According to the Padma Purana, Sita's exile during her pregnancy was because of a curse during her childhood. Sita had caught a pair of divine parrots, which were from Valmiki's ashram, when she was young. The birds were talking about a story of Rama heard in Valmiki's ashram, which intrigued Sita. She has the ability to talk with animals. The female bird was pregnant at that time. She requested Sita to let them go, but Sita only allowed her male companion to fly away, and the female parrot died because of the separation from her companion. As a result, the male bird cursed Sita that she would suffer a similar fate of being separated from her husband during pregnancy. The male bird was reborn as the washerman.

== Speeches ==
While the Ramayana mostly concentrates on Rama's actions, Sita also speaks many times during the exile. The first time is in the town of Chitrakuta where she narrates an ancient story to Rama, whereby Rama promises to Sita that he will never kill anybody without provocation.

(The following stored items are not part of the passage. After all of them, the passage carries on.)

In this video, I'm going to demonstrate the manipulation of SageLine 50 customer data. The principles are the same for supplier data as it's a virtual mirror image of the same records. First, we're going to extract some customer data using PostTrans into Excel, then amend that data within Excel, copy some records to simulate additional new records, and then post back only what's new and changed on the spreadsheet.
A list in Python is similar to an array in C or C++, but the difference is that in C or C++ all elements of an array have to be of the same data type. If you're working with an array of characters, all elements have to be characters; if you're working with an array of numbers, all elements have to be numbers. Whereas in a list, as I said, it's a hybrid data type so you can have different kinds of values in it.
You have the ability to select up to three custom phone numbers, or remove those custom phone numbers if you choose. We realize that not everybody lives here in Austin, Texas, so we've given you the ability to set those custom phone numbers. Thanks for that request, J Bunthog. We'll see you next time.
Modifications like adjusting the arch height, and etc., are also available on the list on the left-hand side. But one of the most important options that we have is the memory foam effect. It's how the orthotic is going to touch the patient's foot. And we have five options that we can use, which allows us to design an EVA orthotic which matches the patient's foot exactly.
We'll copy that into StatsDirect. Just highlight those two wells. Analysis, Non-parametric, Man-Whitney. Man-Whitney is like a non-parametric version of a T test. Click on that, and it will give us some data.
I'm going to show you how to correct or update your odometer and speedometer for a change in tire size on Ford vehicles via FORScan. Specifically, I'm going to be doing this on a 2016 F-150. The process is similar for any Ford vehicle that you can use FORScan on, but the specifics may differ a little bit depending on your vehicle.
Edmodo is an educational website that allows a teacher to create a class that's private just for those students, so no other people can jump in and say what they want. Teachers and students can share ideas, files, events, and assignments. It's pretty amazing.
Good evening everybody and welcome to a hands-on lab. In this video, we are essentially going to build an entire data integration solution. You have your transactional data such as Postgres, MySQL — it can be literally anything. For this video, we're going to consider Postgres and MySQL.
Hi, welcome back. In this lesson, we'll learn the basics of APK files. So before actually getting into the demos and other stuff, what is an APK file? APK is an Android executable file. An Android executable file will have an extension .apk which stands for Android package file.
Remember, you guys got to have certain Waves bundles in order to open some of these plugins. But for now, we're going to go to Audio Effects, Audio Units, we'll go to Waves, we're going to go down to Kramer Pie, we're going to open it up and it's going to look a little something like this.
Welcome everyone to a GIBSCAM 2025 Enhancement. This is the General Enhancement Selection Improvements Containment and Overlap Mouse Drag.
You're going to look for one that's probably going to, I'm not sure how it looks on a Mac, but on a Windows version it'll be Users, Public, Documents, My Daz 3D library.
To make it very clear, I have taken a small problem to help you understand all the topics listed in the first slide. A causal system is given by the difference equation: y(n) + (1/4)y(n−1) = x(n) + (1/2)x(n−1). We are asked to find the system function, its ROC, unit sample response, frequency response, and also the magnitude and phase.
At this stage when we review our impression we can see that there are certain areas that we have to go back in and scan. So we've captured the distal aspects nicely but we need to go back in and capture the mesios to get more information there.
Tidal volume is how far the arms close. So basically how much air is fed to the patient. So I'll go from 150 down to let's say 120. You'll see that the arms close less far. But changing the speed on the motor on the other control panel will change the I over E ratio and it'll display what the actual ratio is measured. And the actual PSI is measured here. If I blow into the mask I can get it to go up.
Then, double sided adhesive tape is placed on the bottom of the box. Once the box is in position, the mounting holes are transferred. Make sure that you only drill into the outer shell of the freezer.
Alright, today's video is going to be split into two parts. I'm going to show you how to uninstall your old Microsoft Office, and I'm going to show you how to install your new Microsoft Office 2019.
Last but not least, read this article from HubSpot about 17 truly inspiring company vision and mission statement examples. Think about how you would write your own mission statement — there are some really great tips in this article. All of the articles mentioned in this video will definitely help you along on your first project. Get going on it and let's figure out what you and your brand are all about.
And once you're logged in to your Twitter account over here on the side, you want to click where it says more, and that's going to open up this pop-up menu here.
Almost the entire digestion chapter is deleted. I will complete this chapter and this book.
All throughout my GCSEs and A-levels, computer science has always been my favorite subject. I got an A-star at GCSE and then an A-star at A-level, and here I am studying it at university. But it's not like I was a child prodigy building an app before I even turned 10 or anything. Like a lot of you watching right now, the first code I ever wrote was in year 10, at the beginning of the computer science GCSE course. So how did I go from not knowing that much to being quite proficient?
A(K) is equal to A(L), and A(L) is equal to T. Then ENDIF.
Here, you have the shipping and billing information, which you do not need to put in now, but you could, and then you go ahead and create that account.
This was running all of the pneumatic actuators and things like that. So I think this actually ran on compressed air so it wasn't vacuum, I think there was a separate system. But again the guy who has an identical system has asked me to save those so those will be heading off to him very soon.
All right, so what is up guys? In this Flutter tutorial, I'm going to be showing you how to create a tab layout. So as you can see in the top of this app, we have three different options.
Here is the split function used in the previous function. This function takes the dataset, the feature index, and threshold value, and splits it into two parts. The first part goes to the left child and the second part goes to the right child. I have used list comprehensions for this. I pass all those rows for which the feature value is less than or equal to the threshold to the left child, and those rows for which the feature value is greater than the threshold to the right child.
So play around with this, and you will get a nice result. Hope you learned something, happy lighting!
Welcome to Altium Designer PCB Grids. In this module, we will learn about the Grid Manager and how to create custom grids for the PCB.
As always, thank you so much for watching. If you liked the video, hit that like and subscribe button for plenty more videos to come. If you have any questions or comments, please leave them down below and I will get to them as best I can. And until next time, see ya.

The second time Sita is shown talking prominently is when she speaks to Ravana. Ravana has come to her in the form of a mendicant and Sita tells him that he does not look like one.

Some of her most prominent speeches are with Hanuman when he reaches Lanka. Hanuman wants an immediate union of Rama and Sita and thus he proposes to Sita to ride on his back. Sita refuses as she does not want to run away like a thief; instead she wants her husband Rama to come and defeat Ravana to save her.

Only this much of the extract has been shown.